Start of Input data
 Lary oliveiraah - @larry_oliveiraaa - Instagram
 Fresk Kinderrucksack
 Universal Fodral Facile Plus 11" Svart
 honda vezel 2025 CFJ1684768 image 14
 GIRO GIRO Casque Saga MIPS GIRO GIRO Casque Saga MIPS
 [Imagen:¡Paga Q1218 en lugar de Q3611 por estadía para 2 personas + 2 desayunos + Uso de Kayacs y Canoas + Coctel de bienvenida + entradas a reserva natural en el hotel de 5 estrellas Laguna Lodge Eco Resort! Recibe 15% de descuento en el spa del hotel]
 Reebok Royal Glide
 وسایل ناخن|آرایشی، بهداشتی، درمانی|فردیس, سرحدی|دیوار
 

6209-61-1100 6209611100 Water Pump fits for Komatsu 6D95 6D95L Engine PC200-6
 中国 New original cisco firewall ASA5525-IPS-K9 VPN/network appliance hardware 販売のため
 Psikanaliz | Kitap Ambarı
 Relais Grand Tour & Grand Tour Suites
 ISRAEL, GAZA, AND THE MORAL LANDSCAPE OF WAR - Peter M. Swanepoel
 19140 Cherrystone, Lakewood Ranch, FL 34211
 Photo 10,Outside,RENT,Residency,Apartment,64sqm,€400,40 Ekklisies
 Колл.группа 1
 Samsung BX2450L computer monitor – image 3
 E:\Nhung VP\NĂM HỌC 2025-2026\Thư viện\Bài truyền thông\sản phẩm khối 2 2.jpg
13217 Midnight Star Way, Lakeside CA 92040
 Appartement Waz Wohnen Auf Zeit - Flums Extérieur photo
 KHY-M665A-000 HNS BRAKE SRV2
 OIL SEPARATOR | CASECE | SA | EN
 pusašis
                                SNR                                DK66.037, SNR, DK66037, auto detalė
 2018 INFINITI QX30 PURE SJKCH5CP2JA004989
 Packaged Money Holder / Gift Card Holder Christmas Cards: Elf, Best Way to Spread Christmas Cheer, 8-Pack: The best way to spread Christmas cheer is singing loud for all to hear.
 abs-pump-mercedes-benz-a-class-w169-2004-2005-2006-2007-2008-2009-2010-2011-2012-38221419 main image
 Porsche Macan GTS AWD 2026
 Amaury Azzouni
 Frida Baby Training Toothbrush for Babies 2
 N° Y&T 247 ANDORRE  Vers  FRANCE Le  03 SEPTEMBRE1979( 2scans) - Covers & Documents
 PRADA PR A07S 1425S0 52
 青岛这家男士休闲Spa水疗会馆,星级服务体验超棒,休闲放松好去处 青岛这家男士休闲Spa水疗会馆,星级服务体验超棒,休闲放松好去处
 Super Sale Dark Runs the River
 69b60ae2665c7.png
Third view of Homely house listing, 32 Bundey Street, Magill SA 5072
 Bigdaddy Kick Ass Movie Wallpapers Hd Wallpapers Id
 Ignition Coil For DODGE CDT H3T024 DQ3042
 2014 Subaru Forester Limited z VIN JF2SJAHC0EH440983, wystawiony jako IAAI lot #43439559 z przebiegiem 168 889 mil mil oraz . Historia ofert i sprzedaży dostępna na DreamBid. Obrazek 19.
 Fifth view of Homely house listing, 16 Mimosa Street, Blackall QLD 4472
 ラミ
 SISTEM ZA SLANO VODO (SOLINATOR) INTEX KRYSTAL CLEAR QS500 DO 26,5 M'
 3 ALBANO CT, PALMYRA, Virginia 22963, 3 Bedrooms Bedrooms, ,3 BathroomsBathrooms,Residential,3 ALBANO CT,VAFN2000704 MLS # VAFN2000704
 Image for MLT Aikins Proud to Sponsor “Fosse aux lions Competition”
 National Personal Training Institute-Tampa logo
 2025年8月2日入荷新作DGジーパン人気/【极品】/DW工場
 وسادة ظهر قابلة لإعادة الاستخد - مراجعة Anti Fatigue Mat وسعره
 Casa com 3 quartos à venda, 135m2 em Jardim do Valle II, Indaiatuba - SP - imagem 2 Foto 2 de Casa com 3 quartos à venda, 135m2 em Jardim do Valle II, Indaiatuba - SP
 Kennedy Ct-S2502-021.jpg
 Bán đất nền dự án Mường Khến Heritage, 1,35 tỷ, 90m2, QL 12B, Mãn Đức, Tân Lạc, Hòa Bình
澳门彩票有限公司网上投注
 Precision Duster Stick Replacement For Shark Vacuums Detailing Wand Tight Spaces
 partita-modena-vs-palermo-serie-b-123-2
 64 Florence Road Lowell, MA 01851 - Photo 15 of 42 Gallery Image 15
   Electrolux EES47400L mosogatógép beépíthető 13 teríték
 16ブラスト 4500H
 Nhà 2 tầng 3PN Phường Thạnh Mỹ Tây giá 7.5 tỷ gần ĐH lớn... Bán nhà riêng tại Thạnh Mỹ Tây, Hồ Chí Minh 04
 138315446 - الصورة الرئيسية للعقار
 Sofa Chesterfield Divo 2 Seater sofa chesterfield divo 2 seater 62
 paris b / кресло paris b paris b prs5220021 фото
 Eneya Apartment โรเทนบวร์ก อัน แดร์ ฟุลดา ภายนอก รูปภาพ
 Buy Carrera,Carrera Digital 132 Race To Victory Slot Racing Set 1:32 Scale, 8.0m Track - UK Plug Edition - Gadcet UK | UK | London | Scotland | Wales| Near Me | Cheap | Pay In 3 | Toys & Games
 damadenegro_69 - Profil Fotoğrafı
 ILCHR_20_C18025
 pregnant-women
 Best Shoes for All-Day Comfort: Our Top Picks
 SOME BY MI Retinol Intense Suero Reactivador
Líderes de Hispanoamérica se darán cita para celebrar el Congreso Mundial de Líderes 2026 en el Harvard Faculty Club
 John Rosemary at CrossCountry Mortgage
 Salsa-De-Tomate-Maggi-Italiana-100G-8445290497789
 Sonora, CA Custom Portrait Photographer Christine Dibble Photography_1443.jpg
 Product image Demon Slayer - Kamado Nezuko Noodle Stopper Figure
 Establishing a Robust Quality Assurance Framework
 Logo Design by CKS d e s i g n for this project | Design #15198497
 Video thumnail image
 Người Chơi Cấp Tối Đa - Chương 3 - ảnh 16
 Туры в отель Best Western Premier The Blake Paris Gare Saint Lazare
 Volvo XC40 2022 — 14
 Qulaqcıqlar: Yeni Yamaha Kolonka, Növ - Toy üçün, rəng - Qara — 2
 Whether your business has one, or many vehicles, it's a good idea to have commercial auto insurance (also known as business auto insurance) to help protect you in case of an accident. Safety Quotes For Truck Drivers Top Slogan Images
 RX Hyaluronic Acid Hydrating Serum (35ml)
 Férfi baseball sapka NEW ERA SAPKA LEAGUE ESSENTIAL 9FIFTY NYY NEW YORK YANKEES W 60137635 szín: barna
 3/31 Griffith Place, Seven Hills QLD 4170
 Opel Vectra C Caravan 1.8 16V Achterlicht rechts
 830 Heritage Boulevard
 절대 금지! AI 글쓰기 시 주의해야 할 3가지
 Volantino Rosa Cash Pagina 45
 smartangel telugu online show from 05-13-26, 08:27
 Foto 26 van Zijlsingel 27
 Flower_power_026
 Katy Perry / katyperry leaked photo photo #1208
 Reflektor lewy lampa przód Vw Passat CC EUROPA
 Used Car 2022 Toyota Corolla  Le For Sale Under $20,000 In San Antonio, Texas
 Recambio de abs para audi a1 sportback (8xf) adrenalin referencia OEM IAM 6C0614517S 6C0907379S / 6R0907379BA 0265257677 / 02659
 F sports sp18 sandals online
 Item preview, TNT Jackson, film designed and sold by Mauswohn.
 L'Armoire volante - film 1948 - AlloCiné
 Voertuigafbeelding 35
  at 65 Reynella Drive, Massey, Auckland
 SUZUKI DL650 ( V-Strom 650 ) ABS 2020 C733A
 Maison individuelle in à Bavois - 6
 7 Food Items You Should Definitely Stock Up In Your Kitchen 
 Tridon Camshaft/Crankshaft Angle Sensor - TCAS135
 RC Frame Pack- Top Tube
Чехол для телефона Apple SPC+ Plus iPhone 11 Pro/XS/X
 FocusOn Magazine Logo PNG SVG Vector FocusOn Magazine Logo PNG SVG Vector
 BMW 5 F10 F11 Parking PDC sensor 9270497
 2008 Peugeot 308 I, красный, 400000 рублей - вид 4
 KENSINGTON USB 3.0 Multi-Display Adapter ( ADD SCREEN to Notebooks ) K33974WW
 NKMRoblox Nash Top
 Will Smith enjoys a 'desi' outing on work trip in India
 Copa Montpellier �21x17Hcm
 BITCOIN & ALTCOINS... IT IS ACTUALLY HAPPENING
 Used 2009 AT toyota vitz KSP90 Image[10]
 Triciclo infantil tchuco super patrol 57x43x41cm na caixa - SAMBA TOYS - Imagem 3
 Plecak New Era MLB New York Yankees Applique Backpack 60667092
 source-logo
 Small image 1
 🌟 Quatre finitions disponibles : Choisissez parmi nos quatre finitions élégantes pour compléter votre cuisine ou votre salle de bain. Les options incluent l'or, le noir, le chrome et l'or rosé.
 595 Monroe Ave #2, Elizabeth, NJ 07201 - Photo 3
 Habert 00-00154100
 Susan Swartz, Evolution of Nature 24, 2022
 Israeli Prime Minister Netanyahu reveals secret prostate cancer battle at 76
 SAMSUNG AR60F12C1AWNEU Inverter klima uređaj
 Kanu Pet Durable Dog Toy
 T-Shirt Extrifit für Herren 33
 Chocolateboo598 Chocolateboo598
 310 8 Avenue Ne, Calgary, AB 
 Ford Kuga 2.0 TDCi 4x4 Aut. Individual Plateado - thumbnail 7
End of Input data
**Directions**
Starting with the first line of the records, repeat every line up to and including the one containing "Колл.группа 1", and nothing else.

**Completed task**
 Lary oliveiraah - @larry_oliveiraaa - Instagram
 Fresk Kinderrucksack
 Universal Fodral Facile Plus 11" Svart
 honda vezel 2025 CFJ1684768 image 14
 GIRO GIRO Casque Saga MIPS GIRO GIRO Casque Saga MIPS
 [Imagen:¡Paga Q1218 en lugar de Q3611 por estadía para 2 personas + 2 desayunos + Uso de Kayacs y Canoas + Coctel de bienvenida + entradas a reserva natural en el hotel de 5 estrellas Laguna Lodge Eco Resort! Recibe 15% de descuento en el spa del hotel]
 Reebok Royal Glide
 وسایل ناخن|آرایشی، بهداشتی، درمانی|فردیس, سرحدی|دیوار
 

6209-61-1100 6209611100 Water Pump fits for Komatsu 6D95 6D95L Engine PC200-6
 中国 New original cisco firewall ASA5525-IPS-K9 VPN/network appliance hardware 販売のため
 Psikanaliz | Kitap Ambarı
 Relais Grand Tour & Grand Tour Suites
 ISRAEL, GAZA, AND THE MORAL LANDSCAPE OF WAR - Peter M. Swanepoel
 19140 Cherrystone, Lakewood Ranch, FL 34211
 Photo 10,Outside,RENT,Residency,Apartment,64sqm,€400,40 Ekklisies
 Колл.группа 1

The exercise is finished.